**Exercise instructions:** The listing below holds a line with "DSCF1597 First Eastern" and a later line with "Pink and white". Write out those two lines and every line between them, exactly, and nothing else.

**Provided records:**
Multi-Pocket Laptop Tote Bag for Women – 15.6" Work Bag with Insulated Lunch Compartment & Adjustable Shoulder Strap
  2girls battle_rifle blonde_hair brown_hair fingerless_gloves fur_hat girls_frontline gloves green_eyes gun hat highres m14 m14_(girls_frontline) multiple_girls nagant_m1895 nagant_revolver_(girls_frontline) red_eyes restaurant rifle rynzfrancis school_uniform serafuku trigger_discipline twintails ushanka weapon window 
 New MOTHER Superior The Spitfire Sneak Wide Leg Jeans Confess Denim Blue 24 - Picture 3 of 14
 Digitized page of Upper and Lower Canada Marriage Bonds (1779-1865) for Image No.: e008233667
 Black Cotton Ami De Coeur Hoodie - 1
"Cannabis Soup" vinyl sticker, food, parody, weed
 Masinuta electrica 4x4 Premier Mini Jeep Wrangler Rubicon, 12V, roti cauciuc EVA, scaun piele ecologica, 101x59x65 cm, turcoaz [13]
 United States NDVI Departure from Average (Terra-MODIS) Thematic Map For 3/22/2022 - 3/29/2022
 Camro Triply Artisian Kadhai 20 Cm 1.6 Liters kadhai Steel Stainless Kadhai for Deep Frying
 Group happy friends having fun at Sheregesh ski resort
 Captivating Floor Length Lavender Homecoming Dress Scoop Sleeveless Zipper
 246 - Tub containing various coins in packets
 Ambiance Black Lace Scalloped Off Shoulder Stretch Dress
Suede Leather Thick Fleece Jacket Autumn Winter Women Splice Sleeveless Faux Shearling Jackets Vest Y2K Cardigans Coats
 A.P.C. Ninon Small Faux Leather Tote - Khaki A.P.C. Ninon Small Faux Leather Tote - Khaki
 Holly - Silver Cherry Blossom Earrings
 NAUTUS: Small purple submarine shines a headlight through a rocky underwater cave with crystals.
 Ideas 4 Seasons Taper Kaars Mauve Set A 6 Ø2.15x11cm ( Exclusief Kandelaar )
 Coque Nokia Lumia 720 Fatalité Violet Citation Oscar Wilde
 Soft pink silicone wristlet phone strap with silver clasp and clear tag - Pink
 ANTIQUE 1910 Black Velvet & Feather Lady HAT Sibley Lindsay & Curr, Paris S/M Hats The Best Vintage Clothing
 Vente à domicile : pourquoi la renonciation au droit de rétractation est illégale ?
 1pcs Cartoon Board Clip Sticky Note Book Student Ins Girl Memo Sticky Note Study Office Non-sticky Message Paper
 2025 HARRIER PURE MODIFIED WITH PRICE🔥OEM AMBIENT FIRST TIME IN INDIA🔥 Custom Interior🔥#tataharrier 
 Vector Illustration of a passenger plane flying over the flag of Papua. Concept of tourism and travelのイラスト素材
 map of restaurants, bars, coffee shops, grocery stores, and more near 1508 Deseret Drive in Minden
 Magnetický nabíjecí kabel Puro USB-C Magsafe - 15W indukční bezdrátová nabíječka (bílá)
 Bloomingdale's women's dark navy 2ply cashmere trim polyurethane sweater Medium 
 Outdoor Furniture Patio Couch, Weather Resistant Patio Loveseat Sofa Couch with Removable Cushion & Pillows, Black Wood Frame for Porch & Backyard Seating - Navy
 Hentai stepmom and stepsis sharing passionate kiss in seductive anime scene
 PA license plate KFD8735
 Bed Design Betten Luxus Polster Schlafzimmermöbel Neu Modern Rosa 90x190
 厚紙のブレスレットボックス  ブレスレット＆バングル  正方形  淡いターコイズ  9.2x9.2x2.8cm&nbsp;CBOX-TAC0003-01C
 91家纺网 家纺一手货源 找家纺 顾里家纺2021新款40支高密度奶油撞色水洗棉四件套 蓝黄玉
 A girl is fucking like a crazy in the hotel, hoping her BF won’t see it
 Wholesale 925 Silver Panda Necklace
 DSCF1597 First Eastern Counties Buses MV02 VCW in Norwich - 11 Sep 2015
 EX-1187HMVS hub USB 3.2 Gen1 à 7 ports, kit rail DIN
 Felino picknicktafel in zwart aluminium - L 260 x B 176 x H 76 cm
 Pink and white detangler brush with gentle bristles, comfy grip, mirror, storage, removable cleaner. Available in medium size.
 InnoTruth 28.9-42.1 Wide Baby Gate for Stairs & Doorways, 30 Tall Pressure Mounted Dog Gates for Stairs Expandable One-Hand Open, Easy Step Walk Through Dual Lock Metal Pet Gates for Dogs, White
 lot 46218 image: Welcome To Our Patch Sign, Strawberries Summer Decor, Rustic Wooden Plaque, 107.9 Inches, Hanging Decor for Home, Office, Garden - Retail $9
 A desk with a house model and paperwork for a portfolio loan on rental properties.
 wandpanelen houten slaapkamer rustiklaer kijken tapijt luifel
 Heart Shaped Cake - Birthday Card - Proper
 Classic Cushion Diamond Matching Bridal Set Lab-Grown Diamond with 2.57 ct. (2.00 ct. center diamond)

**Solution:**
 DSCF1597 First Eastern Counties Buses MV02 VCW in Norwich - 11 Sep 2015
 EX-1187HMVS hub USB 3.2 Gen1 à 7 ports, kit rail DIN
 Felino picknicktafel in zwart aluminium - L 260 x B 176 x H 76 cm
 Pink and white detangler brush with gentle bristles, comfy grip, mirror, storage, removable cleaner. Available in medium size.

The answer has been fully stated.